A schema entry defines how a variable’s value should be specified in a template. The validation field ensures that the template logic, stored at the current variable, results in the correct type during document parsing. The type field specifies the default user interface behaviour for defining a variable. The prefill function implements default values based on the environment, but if the user defines their own value, the prefill is overridden.

type SchemaEntry = {
validation: z.ZodType<any, any>;
type: EntryItemType;
prefill?: (name: string) => string;
};

Entry Item Type

The EntryItemType is used by the UI to give users different ways to define a variable.

enum EntryItemType {
Simple = "simple",
Graph = "graph",
Dict = "dict",
Internal = "internal",
}

A simple type gives the user a field to define a constant value. A graph type will give the user a graph view where they can define complex logic to extract data from a document. A dict type gives the user a table where rows can be added and removed, where each row represents a variable and can be of a simple or graph type. Internal types are predefined and used by the application, remaining hidden from the user as they are not displayed in the UI.

Save File

A save file is serialized application state. Because the application stores validation functions in its state they are first serialized by a custom function, and then again hydrated by a custom function, in order to prevent undefined function errors.

Tree

The tree constitutes the largest portion of the global application state. Although the underlying data structure is conceptually a tree, it is manifested in the application state as an object utilizing key-value pairs. In this representation, each key corresponds to the ID of the node stored at that specific location. The tree can be navigated by traversing the parentId and childNodeIds fields.

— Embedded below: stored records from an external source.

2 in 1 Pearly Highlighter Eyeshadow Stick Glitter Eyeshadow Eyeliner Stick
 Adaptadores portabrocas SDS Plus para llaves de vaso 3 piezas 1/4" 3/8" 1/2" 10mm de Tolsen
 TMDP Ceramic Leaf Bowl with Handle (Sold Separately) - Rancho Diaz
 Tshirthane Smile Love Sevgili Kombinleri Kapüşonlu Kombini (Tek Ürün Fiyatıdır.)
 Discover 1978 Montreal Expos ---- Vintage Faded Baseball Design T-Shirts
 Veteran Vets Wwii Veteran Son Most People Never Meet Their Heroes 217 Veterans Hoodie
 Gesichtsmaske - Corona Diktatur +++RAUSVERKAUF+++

Tree nodes manifest in two distinct types: TreeItem nodes and TreeMap nodes. TreeItem nodes encapsulate definitions dictating how a key-value pair should be implemented, essentially serving as local definitions. Conversely, TreeMap nodes provide definitions for the framework of the resulting template, assuming responsibility for environment variable and iterator definitions. As such, they possess a global scope over their children.

type TreeNode = TreeItem | TreeMap;
type TreeItem =
| TreeGraphItem
| TreeDictItem
| TreeSimpleItem
| TreeInternalItem;

Tree Item Nodes

type TreeGraphItem = {
id: string;
name: string;
validation: z.ZodType<any, any>;
graphId: string | undefined;
computed: any;
type: EntryItemType.Graph;
parentId: string;
};
type TreeDictItem = {
id: string;
name: string;
validation: z.ZodType<any, any>;
type: EntryItemType.Dict;
variables: {
[key: string]: DictVariable;
};
parentId: string;
};
type TreeSimpleItem = {
id: string;
name: string;
validation: z.ZodType<any, any>;
type: EntryItemType.Simple;
value: any;
parentId: string;
};
type TreeInternalItem = {
id: string;
name: string;
validation: z.ZodType<any, any>;
type: EntryItemType.Internal;
parentId: string;
};

Tree Map Nodes

type TreeMap = {
id: string;
name: string;
validation: z.ZodType<any, any> | undefined;
context: MapContext;
computed: any;
options: {
isArray: boolean;
};
parentId: string | undefined;
childNodeIds: string[];
};